I do follow James Lindsay on Twitter and I do appreciate Christopher Rufo’s style of political combat for what it’s worth. And since I am convinced that we True Neutrals are getting crowded out, I don’t mind their mouthing off. That makes me party to the same Game of Thrones. Then again, I don’t possess my own castle where we could chill out and listen to Clark Terry and Bach Cantatas. Naturally, all of you would be invited. So I leave you with the following provocation.
I claim that the Grey Tribe generally, and rationalists/longtermists/EAs more specifically, and LessWrong the website and community even more specifically, are systematically and spectacularly failing at concentration of force. That none of those groups puts anything like sufficient strategic energy into ensuring that critical mass coheres at crucial moments, and that each would benefit from optimizing their ability to do so quickly, reliably, and effectively, and from thinking in terms of concentration of force as a matter of habit.
Yes. So much this.
Some sort of coordination needs to be afoot. This is something I have long speculated would eventually have to be the case. Yet for most of my life I have thought of my own ilk as tending to be more monastic than combative. I bet you have as well. But there are moments when the right swarm can make the right difference. Those of us who treasure the rational and the process of discovery can, at the right place at the right time be the tactical butterfly wing that winds up being the strategic catalyst of the hurricane. Or maybe an ounce of prevention is worth a pound of cure. The math is in the article, but I think this picture will suffice.
The trick is for us to have the distributed real estate where beer can be served. Or is this what the Claremont Institute and other such think tanks actually are? I should visit.
Extra Credit: From the Archives (Prophesy from 2012)
Honor Killing & the Innocence of Muslims
I take this as the single most useful observation of Pinker's book as it dovetails with Hobbes and is in synch with my critique of the overreach of organic politics - aka 'Who is Your Leviathan?' Nonviolent social protest and all such questions of 'social justice' are an attempt to move multicultural honor systems into national law here in the United States. They weren't in the case of the Civil Rights Movement, because King's SCLC was nationalist and his dream was firmly rooted in the American Dream. That was the Negro position. But the Black Nationalist movement that followed on the heels of Civil Rights successes required international links and Marxist connections. It sought to change the direction of justice coming from an honor established outside of the Pledge of Allegiance, as do its mulitcultural follow-on movements.

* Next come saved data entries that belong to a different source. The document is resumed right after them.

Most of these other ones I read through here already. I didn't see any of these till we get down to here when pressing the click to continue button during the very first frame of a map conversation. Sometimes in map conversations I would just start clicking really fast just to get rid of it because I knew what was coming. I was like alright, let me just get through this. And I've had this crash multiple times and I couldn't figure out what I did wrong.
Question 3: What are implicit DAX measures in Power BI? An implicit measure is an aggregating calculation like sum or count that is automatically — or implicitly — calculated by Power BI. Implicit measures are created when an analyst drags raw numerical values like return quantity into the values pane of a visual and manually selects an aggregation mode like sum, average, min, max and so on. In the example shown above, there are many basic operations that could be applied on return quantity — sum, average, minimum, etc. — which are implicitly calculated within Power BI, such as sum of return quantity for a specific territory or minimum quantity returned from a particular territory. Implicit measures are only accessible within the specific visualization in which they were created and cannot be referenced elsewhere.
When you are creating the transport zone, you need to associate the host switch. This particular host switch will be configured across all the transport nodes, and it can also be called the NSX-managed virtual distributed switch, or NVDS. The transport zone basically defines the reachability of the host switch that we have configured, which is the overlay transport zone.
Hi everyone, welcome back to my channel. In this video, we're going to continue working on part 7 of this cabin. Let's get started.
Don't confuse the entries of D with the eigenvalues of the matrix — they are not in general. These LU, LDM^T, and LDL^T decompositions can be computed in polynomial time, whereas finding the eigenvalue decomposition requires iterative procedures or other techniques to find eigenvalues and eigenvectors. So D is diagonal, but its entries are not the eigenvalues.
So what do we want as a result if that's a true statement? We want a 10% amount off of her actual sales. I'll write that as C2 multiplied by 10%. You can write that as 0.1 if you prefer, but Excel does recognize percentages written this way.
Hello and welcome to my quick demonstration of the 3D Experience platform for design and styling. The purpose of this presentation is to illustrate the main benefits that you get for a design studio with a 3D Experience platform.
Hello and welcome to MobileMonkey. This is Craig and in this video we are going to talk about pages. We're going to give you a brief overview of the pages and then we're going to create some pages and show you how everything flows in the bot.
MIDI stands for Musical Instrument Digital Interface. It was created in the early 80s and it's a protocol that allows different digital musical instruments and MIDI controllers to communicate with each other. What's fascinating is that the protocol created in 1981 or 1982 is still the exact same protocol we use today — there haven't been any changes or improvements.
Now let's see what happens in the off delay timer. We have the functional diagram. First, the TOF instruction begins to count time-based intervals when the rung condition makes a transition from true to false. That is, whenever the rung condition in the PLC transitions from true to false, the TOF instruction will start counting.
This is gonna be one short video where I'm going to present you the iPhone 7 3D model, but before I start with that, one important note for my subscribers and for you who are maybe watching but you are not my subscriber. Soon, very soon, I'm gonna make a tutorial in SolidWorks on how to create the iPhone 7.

-- this above paragraph is my first clearly articulated idea about what exactly people mean by 'social justice', which is to say that it seeks to elevate particular and provincial honor codes to national standing by privileging the victimhood of favored groups according to social definitions. I opposes this because it is anti-modern, and devolves common law towards interest-group law. --
I hope you will take solace in my intention to go upstairs and listen to Clark Terry. On vinyl.
The pejorative is fungible, but only to a point. Another cracker can call me out as the cracker I am, but... Border Scots who've been run through Ulster first on the way over are a contentious outfit. Most of us are armed to the teeth. We really shouldn't be allowed to drink alcohol at all, if you think about it. That said, I hope we can share a beer garden some day.